— Try it —
Return the records word for word. Pictures do not belong in the copy.
──────── Records for this exercise ────────
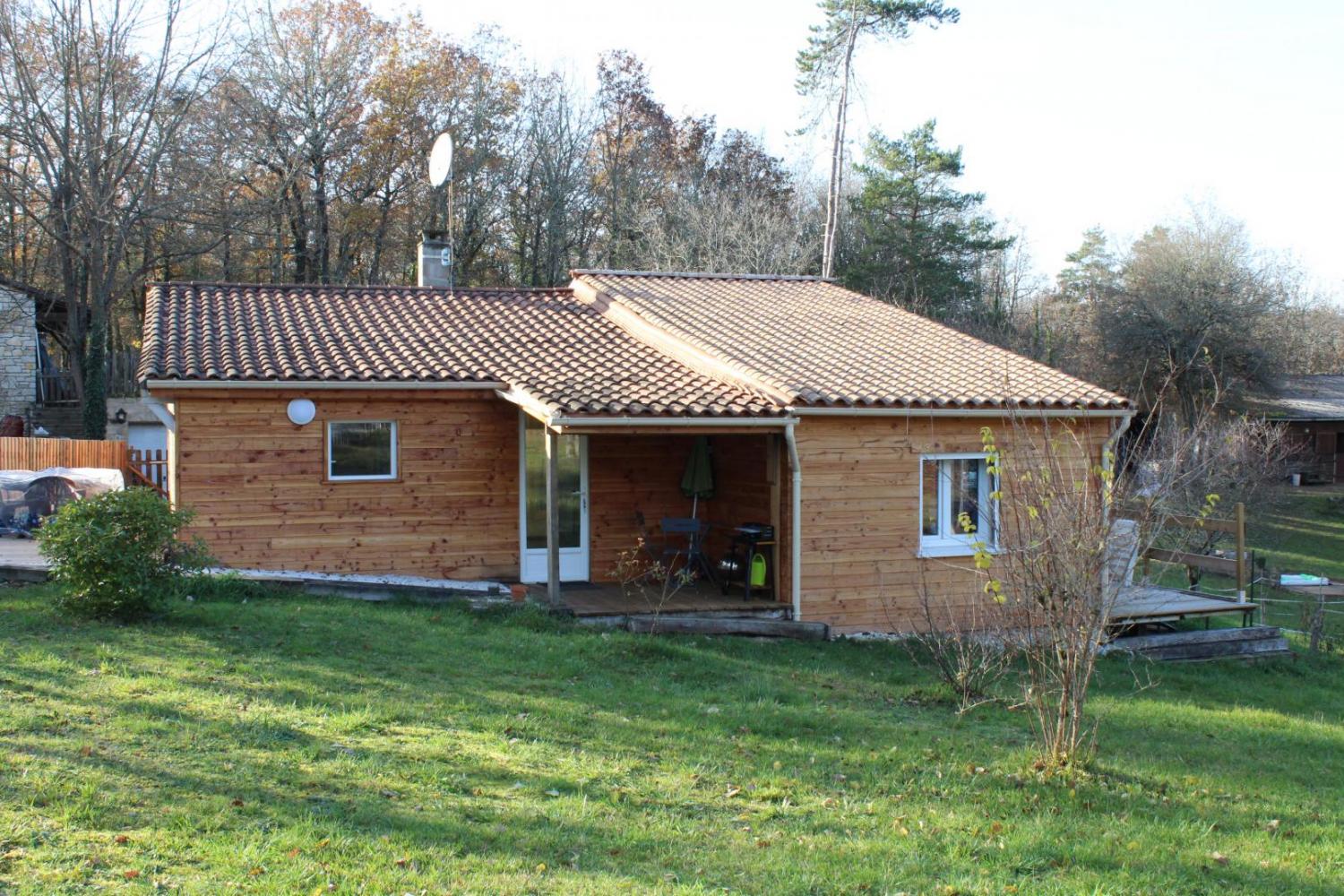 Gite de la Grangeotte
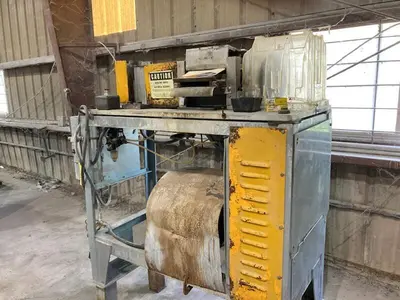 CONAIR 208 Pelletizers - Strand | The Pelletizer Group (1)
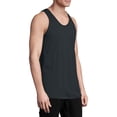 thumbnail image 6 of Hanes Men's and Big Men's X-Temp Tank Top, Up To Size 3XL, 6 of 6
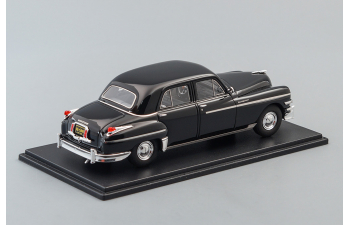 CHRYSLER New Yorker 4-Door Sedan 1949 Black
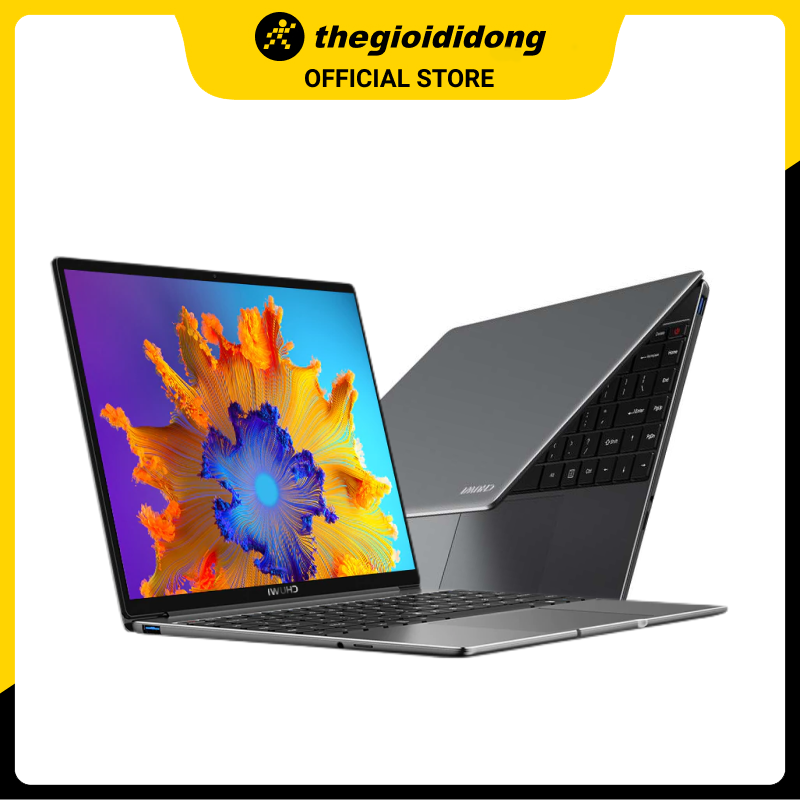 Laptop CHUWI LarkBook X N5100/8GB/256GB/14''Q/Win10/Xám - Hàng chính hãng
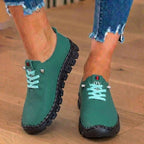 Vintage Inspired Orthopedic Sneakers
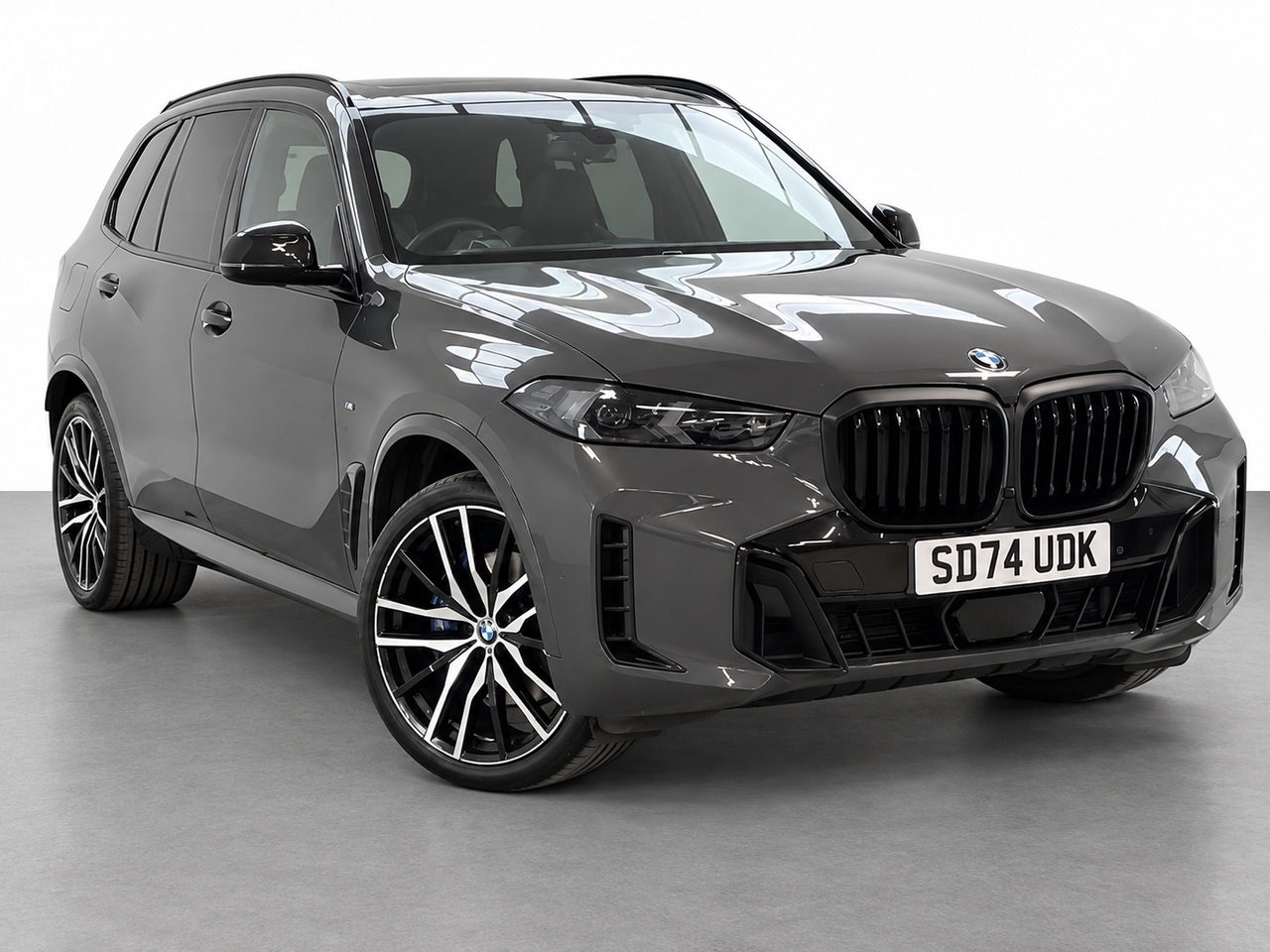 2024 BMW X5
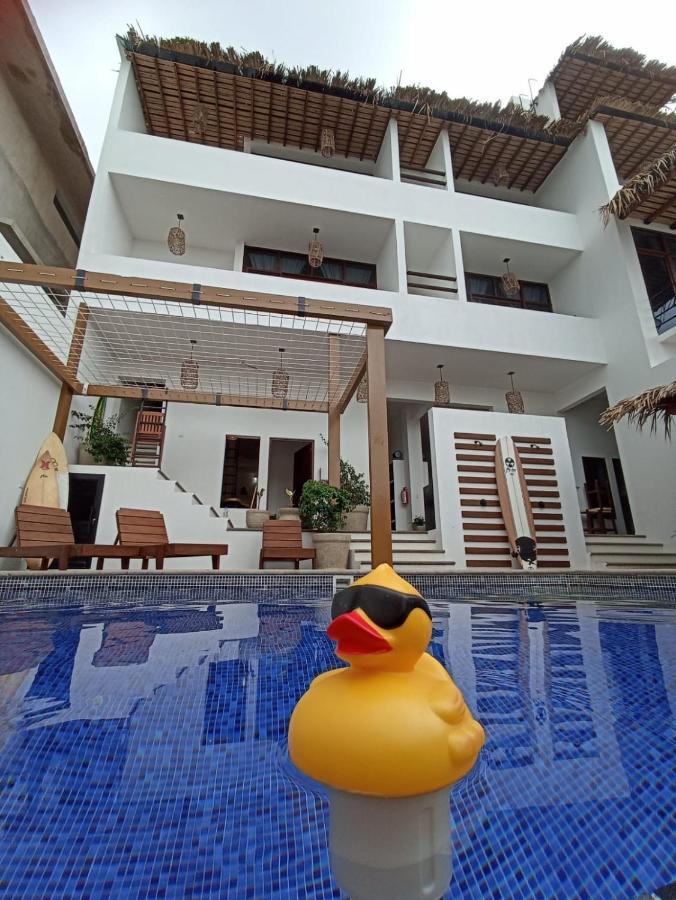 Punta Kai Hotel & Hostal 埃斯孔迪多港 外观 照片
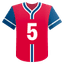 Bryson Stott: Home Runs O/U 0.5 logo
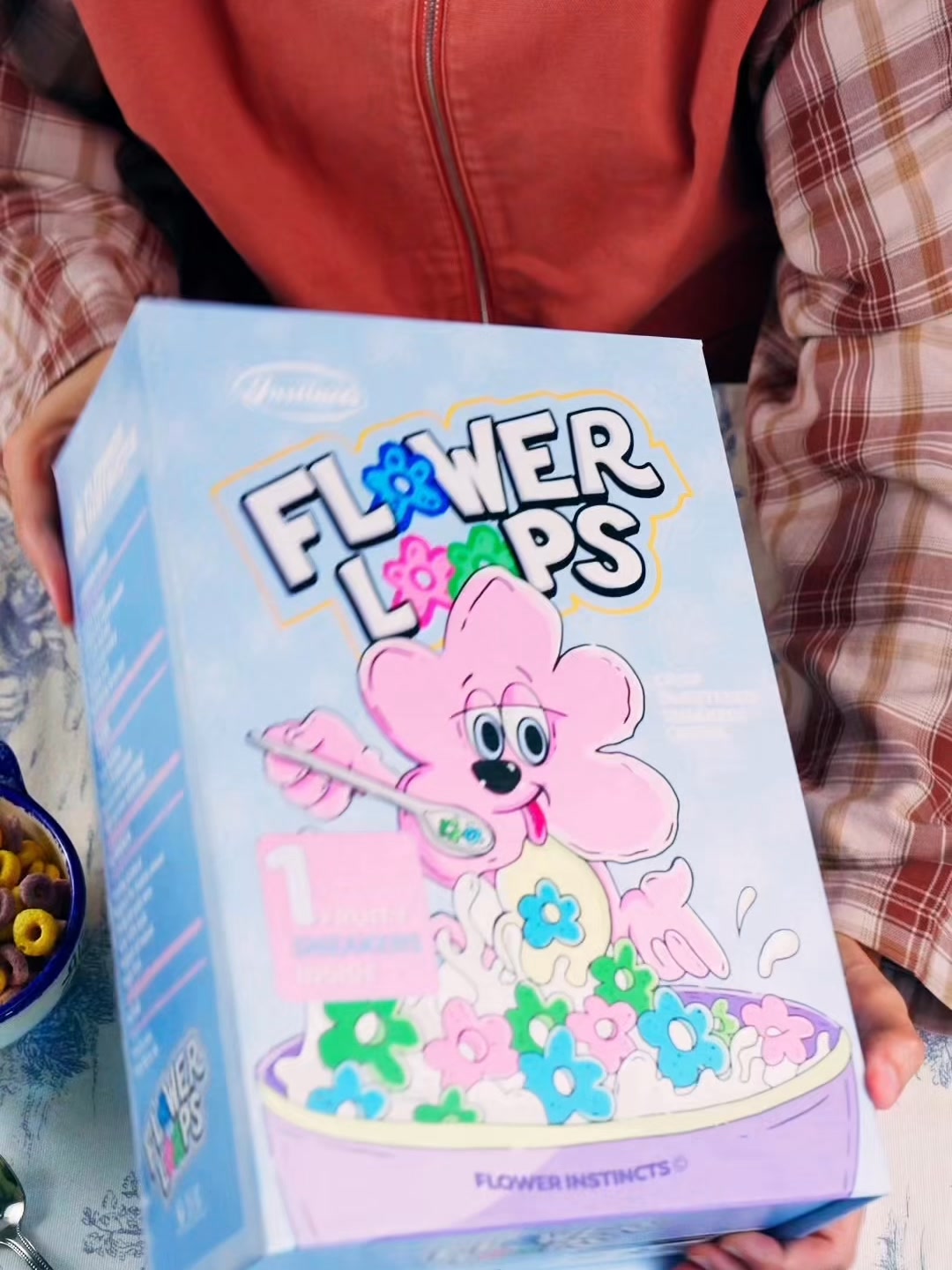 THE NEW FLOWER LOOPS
────────
— Reply to the exercise —
 Gite de la Grangeotte
 CONAIR 208 Pelletizers - Strand | The Pelletizer Group (1)
 thumbnail image 6 of Hanes Men's and Big Men's X-Temp Tank Top, Up To Size 3XL, 6 of 6
 CHRYSLER New Yorker 4-Door Sedan 1949 Black
 Laptop CHUWI LarkBook X N5100/8GB/256GB/14''Q/Win10/Xám - Hàng chính hãng
 Vintage Inspired Orthopedic Sneakers
 2024 BMW X5
 Punta Kai Hotel & Hostal 埃斯孔迪多港 外观 照片
 Bryson Stott: Home Runs O/U 0.5 logo
 THE NEW FLOWER LOOPS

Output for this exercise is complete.